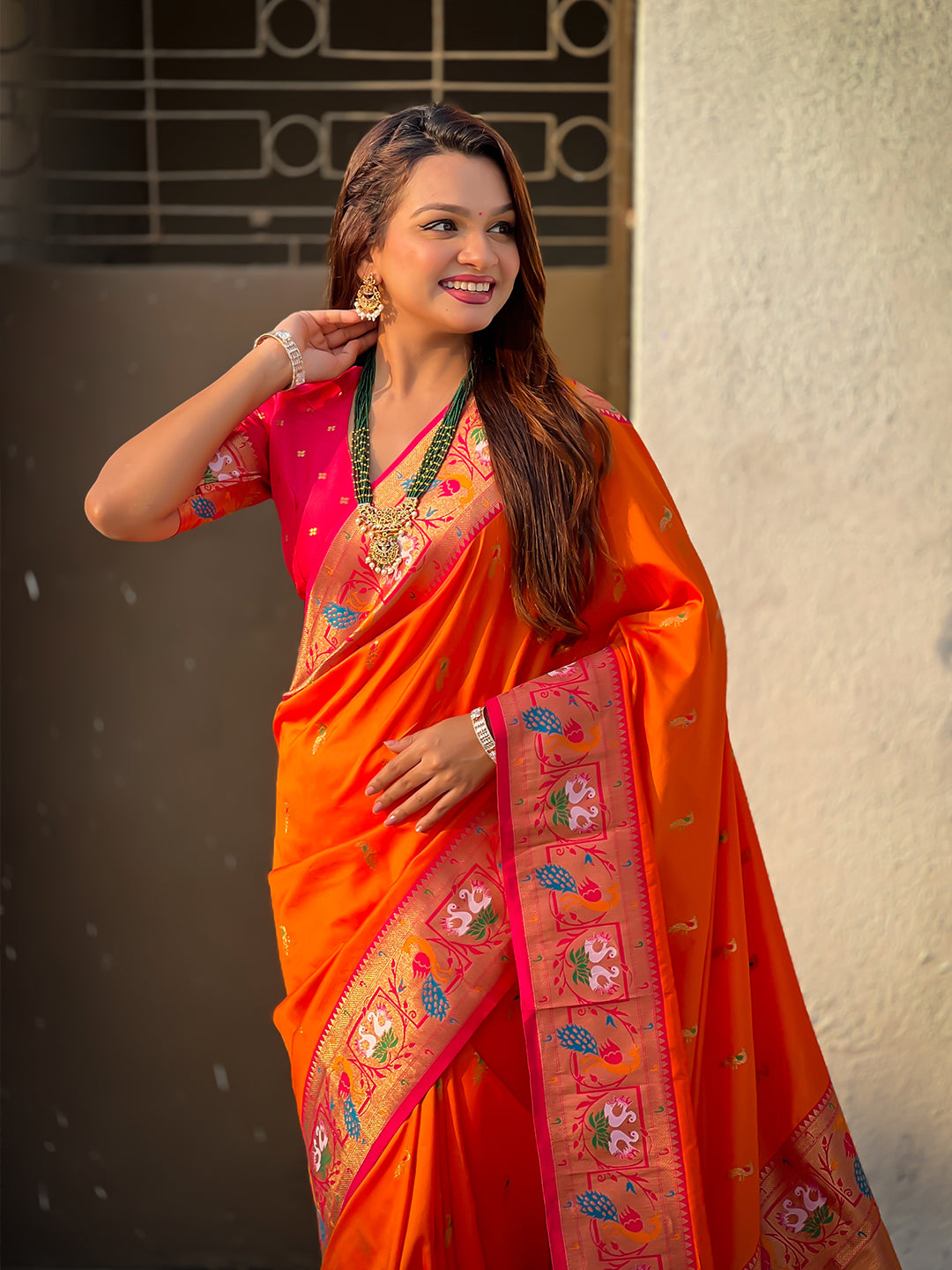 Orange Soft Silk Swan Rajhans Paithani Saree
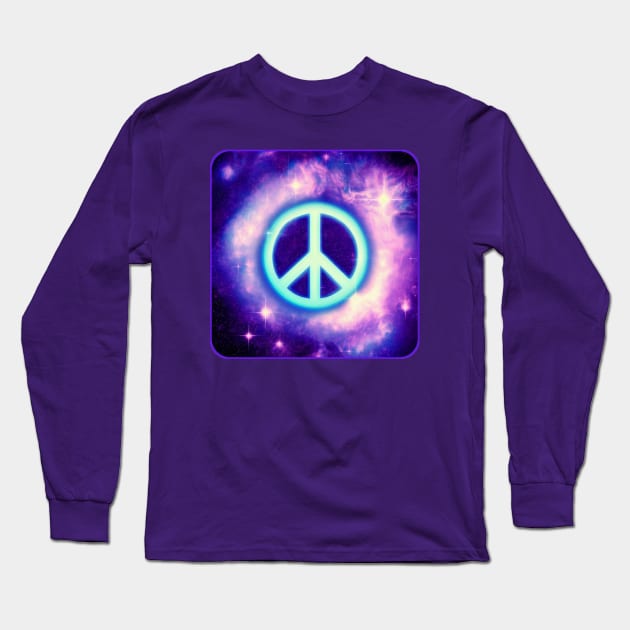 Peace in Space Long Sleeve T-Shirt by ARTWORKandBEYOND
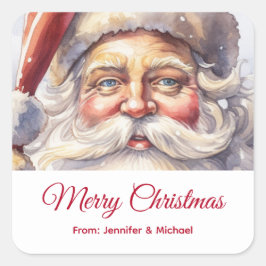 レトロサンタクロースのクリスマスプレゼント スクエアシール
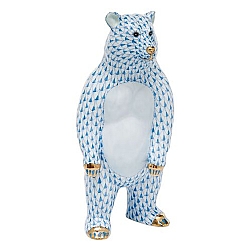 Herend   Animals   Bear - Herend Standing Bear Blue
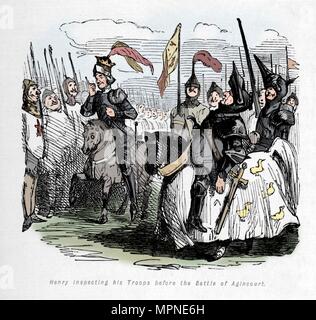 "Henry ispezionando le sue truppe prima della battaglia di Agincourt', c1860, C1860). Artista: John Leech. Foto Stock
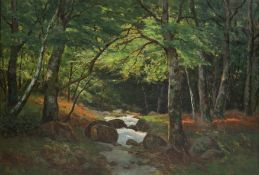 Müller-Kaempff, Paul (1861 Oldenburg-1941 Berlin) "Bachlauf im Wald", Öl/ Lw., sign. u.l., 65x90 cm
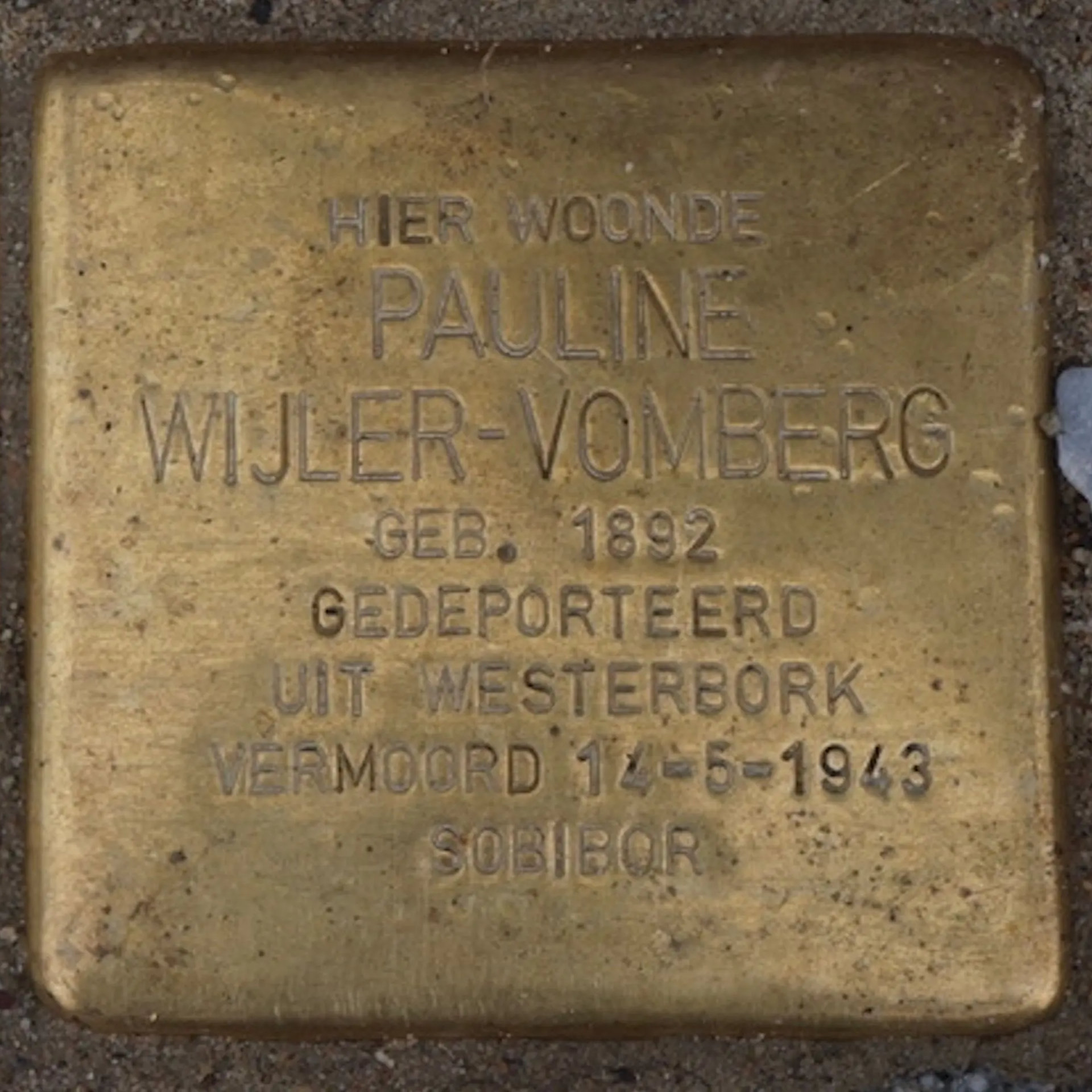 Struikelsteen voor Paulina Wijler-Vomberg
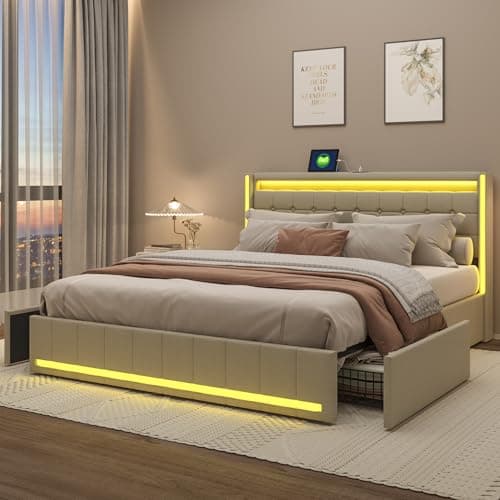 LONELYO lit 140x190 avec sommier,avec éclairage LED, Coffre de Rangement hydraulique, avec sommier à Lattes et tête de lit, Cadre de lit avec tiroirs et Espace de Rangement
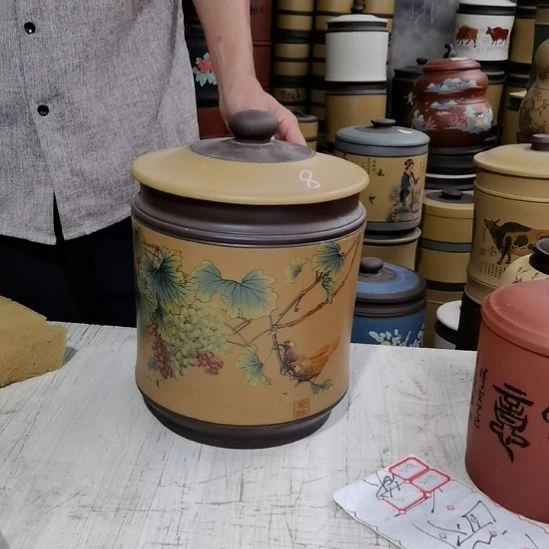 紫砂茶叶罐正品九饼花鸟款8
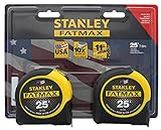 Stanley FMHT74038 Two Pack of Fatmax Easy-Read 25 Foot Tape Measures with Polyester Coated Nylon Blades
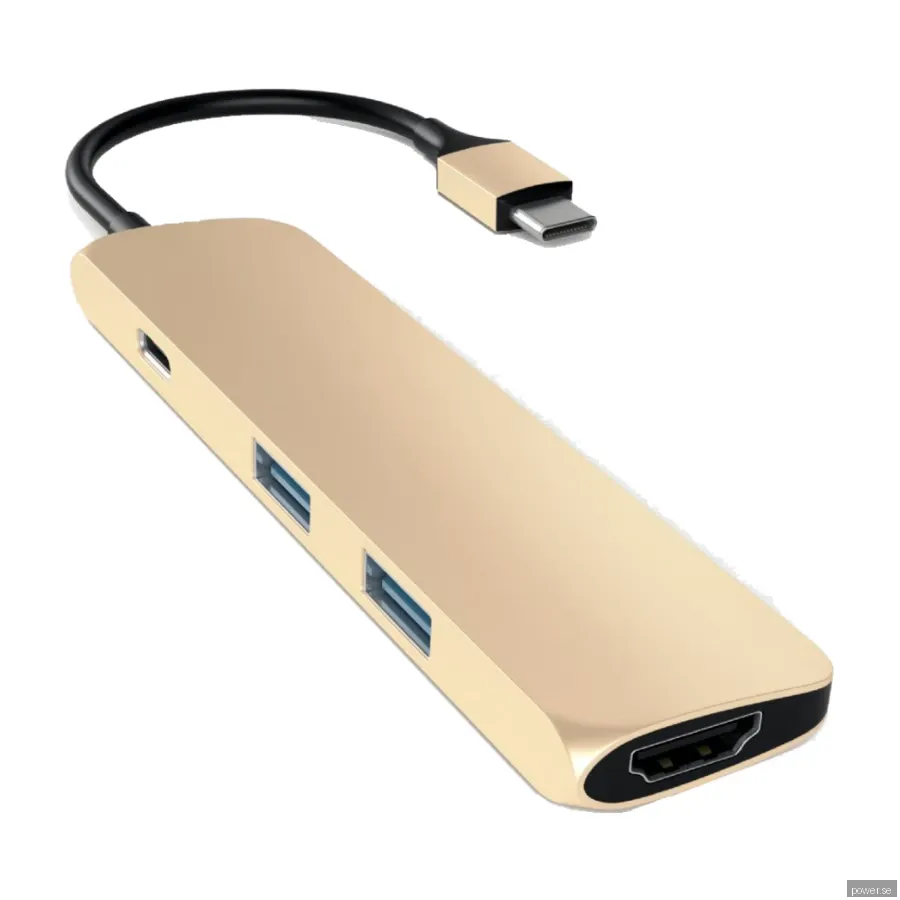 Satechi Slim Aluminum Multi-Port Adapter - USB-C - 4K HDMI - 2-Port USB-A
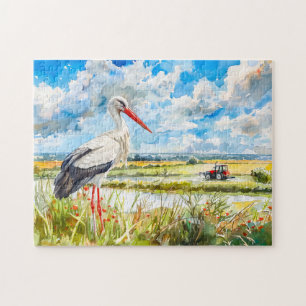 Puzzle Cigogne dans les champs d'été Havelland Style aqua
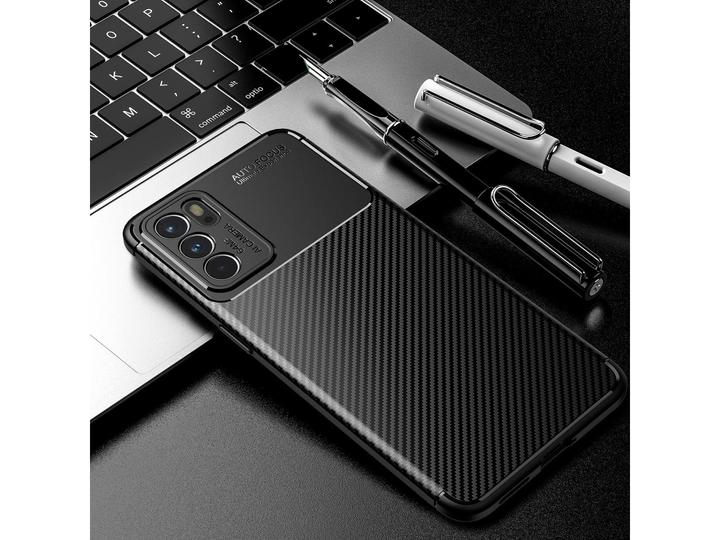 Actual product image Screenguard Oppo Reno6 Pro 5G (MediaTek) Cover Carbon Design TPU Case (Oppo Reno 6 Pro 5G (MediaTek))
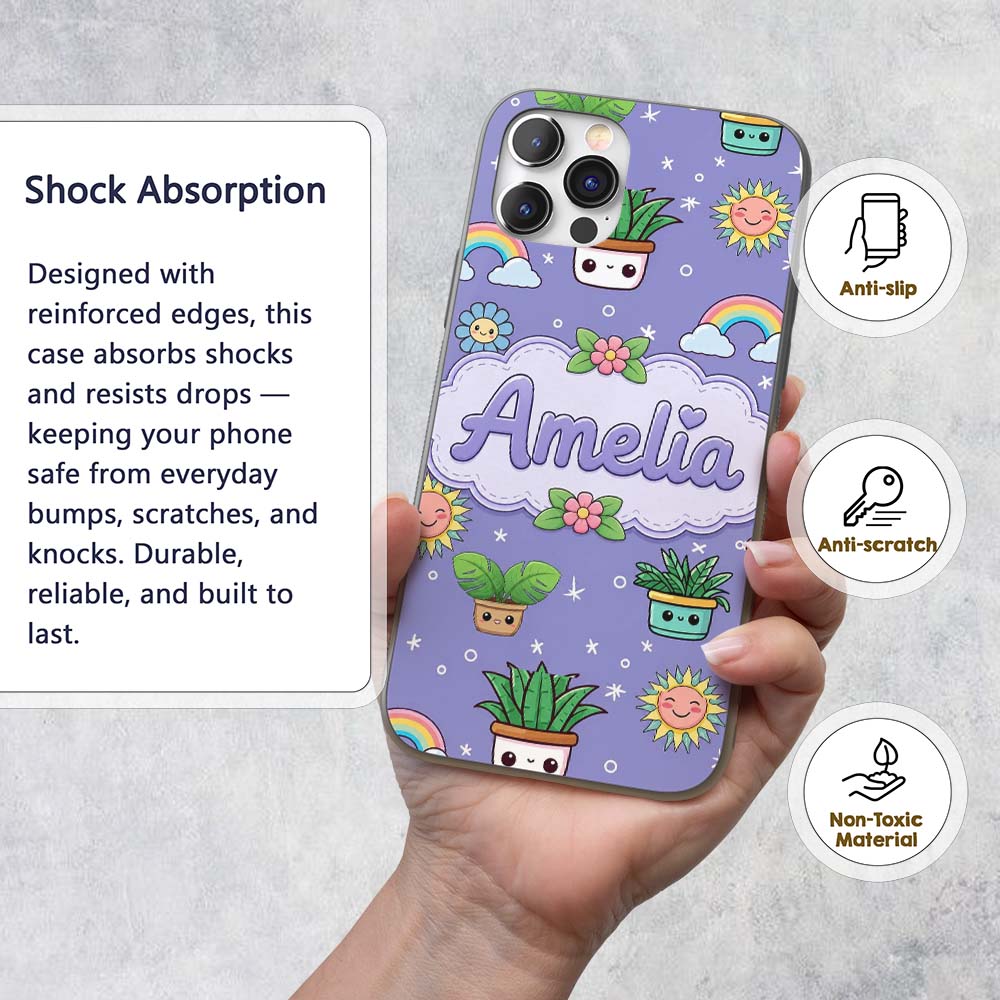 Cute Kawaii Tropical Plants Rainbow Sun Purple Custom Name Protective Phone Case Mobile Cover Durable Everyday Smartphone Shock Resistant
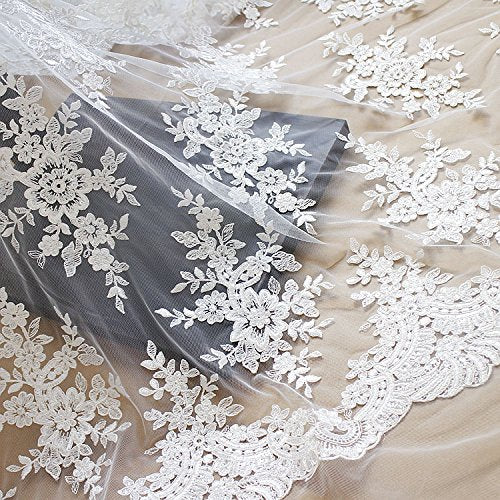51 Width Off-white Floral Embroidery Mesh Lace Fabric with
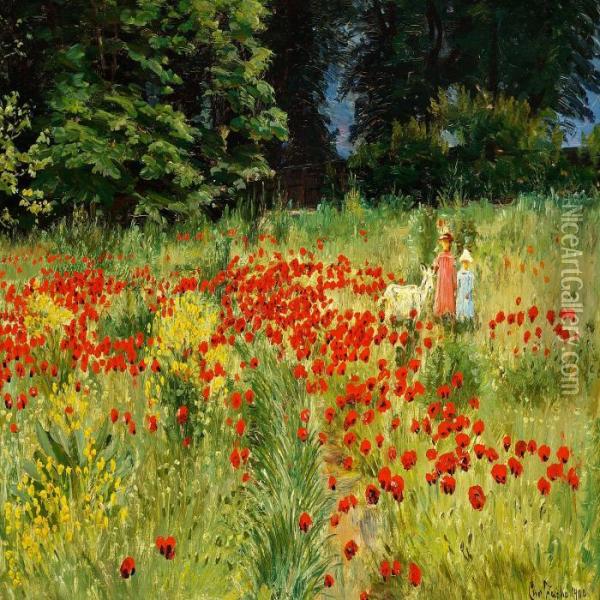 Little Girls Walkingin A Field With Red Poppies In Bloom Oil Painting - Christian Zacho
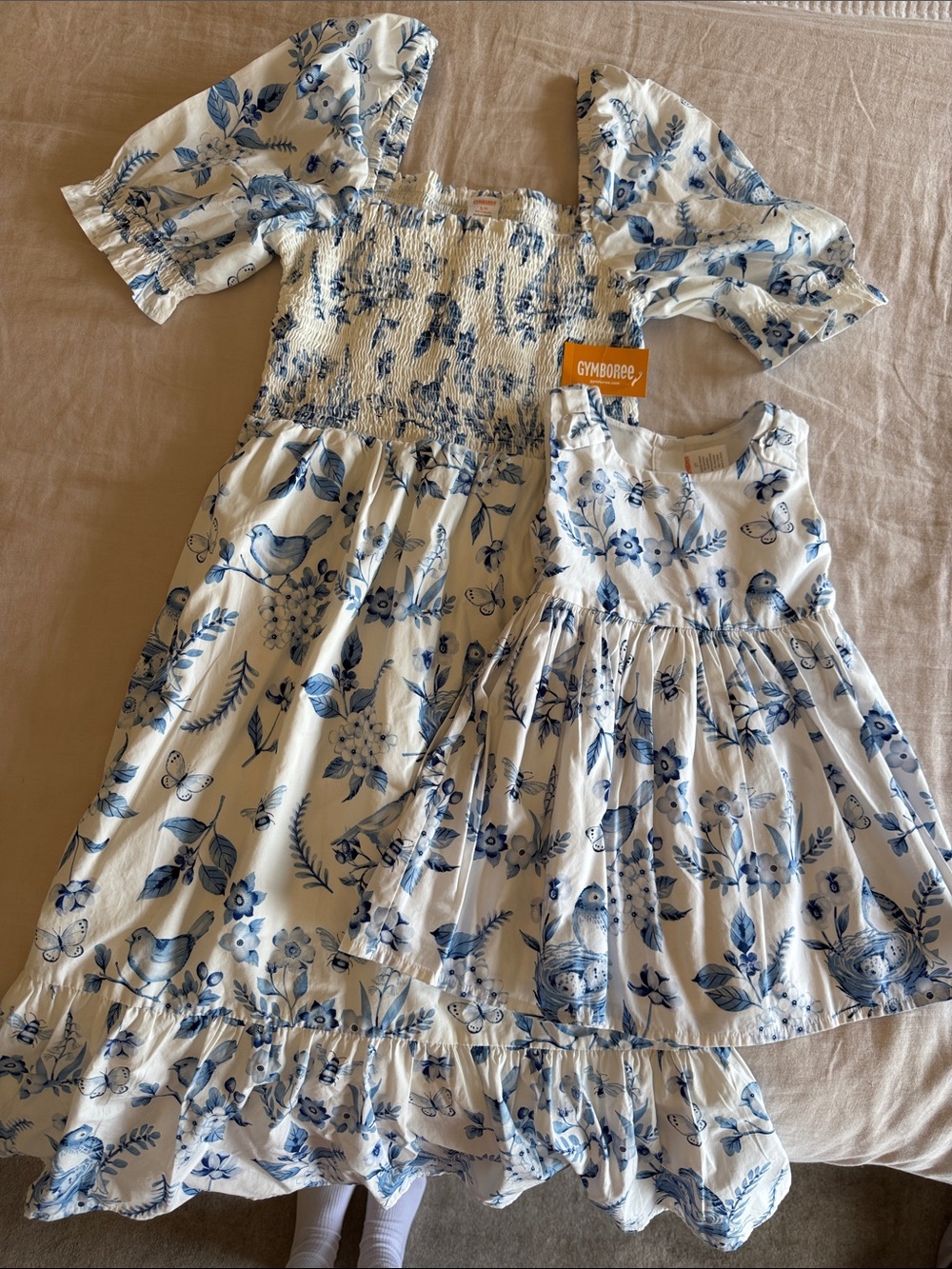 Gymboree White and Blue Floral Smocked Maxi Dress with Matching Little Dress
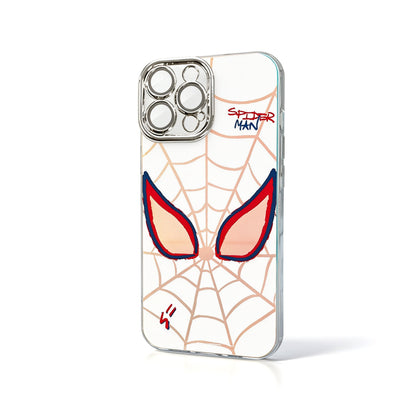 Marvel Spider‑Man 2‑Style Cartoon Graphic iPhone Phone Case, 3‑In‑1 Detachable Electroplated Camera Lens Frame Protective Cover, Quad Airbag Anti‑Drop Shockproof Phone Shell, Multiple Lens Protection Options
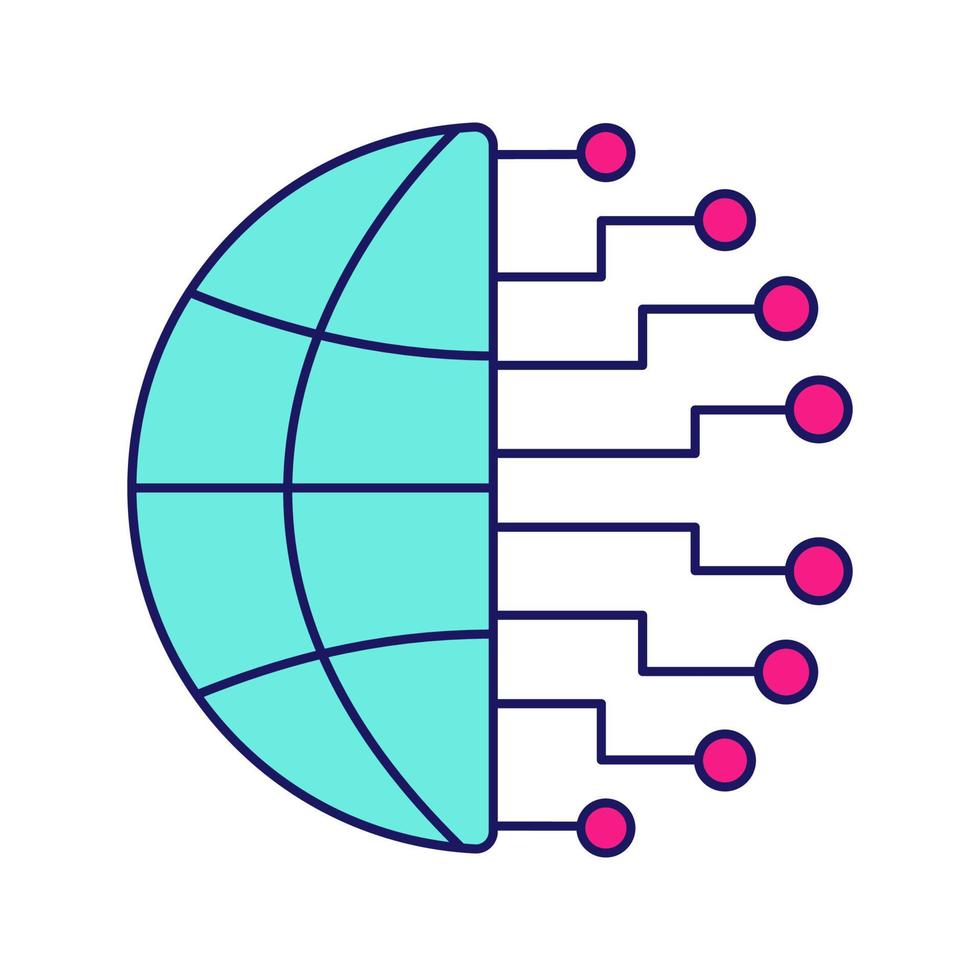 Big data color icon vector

※ ※ ※

## WHAT NEEDS TO BE DONE
Please output every line of the listing as it stands, and omit its images.

## EXERCISE RESULT
 Orange Soft Silk Swan Rajhans Paithani Saree
 Peace in Space Long Sleeve T-Shirt by ARTWORKandBEYOND
 レトロサンタクロースのクリスマスプレゼント スクエアシール
 Herend   Animals   Bear - Herend Standing Bear Blue
 "Henry ispezionando le sue truppe prima della battaglia di Agincourt', c1860, C1860). Artista: John Leech. Foto Stock
 Müller-Kaempff, Paul (1861 Oldenburg-1941 Berlin) "Bachlauf im Wald", Öl/ Lw., sign. u.l., 65x90 cm
 Struikelsteen voor Paulina Wijler-Vomberg
 LONELYO lit 140x190 avec sommier,avec éclairage LED, Coffre de Rangement hydraulique, avec sommier à Lattes et tête de lit, Cadre de lit avec tiroirs et Espace de Rangement
 紫砂茶叶罐正品九饼花鸟款8
 Stanley FMHT74038 Two Pack of Fatmax Easy-Read 25 Foot Tape Measures with Polyester Coated Nylon Blades
 Satechi Slim Aluminum Multi-Port Adapter - USB-C - 4K HDMI - 2-Port USB-A
 Puzzle Cigogne dans les champs d'été Havelland Style aqua
 Actual product image Screenguard Oppo Reno6 Pro 5G (MediaTek) Cover Carbon Design TPU Case (Oppo Reno 6 Pro 5G (MediaTek))
 Cute Kawaii Tropical Plants Rainbow Sun Purple Custom Name Protective Phone Case Mobile Cover Durable Everyday Smartphone Shock Resistant
51 Width Off-white Floral Embroidery Mesh Lace Fabric with
 Little Girls Walkingin A Field With Red Poppies In Bloom Oil Painting - Christian Zacho
 Gymboree White and Blue Floral Smocked Maxi Dress with Matching Little Dress
 Marvel Spider‑Man 2‑Style Cartoon Graphic iPhone Phone Case, 3‑In‑1 Detachable Electroplated Camera Lens Frame Protective Cover, Quad Airbag Anti‑Drop Shockproof Phone Shell, Multiple Lens Protection Options
 Big data color icon vector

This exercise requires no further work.